|Theron Eugene Daffan|
|Born||September 21, 1912|
|Origin||Beauregard Parish, Louisiana, United States|
|Died||October 6, 1996(aged 84)|
Theron Eugene "Ted" Daffan (September 21, 1912 – October 6, 1996) was an American country musician noted for composing the seminal "Truck Driver's Blues" and two much covered country anthems of unrequited love, "Born to Lose" and "I'm a Fool to Care".
In the 1930s Western Swing bandleader Milton Brown convinced Daffan to start performing. Soon after he scored his first success as a songwriter with "Truck Drivers' Blues", one of the first truck-driving songs, a motif which would come to dominate country music for decades.
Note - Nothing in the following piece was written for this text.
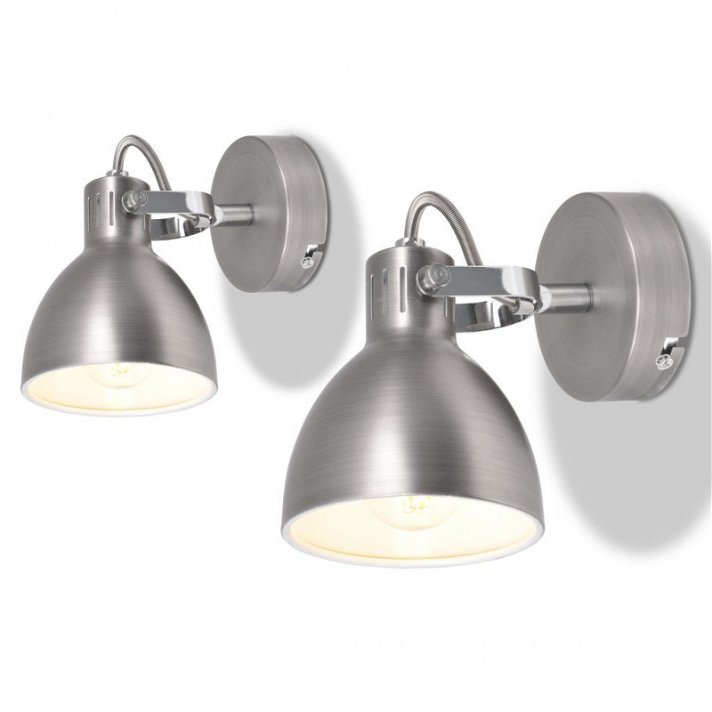 Set di due lampade a parete colore grigio fabbricate in metallo per lampadine E14 Vida XL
Daffan wrote "Truck Drivers' Blues" after he stopped at a roadside diner and noticed that every time a trucker parked his rig and strolled into the cafe, the first thing he did, even before ordering a cup of coffee, was push a coin in the jukebox. He decided to write a song to capture some of the truck drivers' nickels and make himself rich and famous. Recorded by western swing artist Cliff Bruner (with Moon Mullican on lead vocal) in 1939, the song sold more than 100,000 copies, the best-selling record of that year.
Forming his own band, The Texans, Daffan scored a string of hits, including "Worried Mind", "Those Blue Eyes Are Not Shining Anymore", "She Goes The Other Way", "No Letter Today", and "Born to Lose", which was also a platinum disc for Ray Charles in 1962. Daffan's version of "Born to Lose" sold over one million copies, and was awarded a gold disc by the RIAA.
"I'm a Fool to Care" was first released by Ted Daffan's Texans in 1940. Its enduring lament, "I'm a fool to care, when you don't care for me", was recorded by numerous artists over the ensuing 75 years. The Les Paul and Mary Ford version went to #6 on the Billboard 100 chart in 1954 and was featured in a popular Southern Comfort commercial in 2013.Joe Barry's 1961 swamp pop version sold over 1 million copies. Ray Charles recorded it in 1965; Ringo Starr included it on his first solo album in 1970; and Boz Scaggs made it the title song on his 2015 release, which went to #1 on the Billboard blues chart.
Daffan left active performance in the 1960s, and founded a Nashville-based publishing house with Hank Snow. He retired to Houston, but retained interests in the publishing business for a time. He died in 1996 in Houston, Texas.